In Parker v. Board of Education of Prince George's County (D. Md.), 237 F. Supp. 222, wherein the issue was raised as to the right to not renew the contract of a teacher who had not acquired tenure, the court states at page 227:
"Almost every case which has considered the question supports the view that unless there is a statute to the contrary, probationary teacher's contracts may be terminated *Page 247 by the school authorities at the end of any contract year prior to the time tenure is gained, with or without cause and without a hearing."

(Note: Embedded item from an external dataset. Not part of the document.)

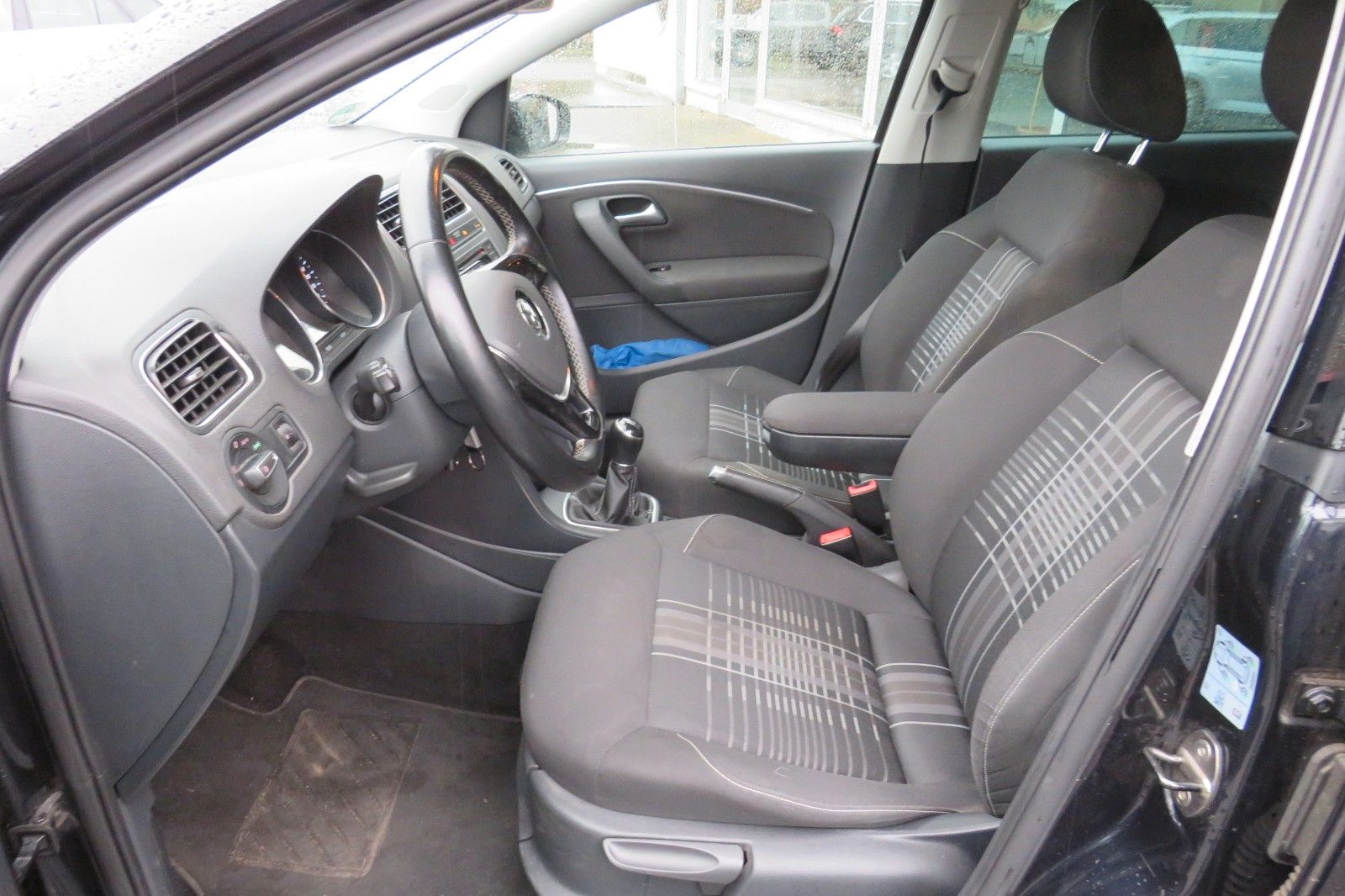 Fahrzeugabbildung Volkswagen Polo V Lounge 4T PDC GJ AHK CLIMATRONIC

Numerous cases are cited under footnote 5 in support of the above statement.
Under the Ohio statutory scheme of teacher employment, teachers are hired either under a limited contract for a specific number of years or a continuing contract whereby employment continues until retirement, suspension, or removal for cause. R. C. 3319.08. A board of education is not required to reemploy a teacher at the termination of a limited contract subject to statutory notices of nonreemployment.
The difficulty in applying a due process concept to a nonrenewal of a limited contract is ascertaining what "right" must be procedurally protected. Absent tenure, a teacher's rights are dependent upon his contract and, upon its expiration, he has no vested rights under Ohio law to be reemployed. The relationship between the teacher and the board is at an end.Harrison v. Board of Education, 60 Ohio App. 45, 13 O. O. 182. Hence, no legitimate purpose is served by a requirement of charges and a hearing.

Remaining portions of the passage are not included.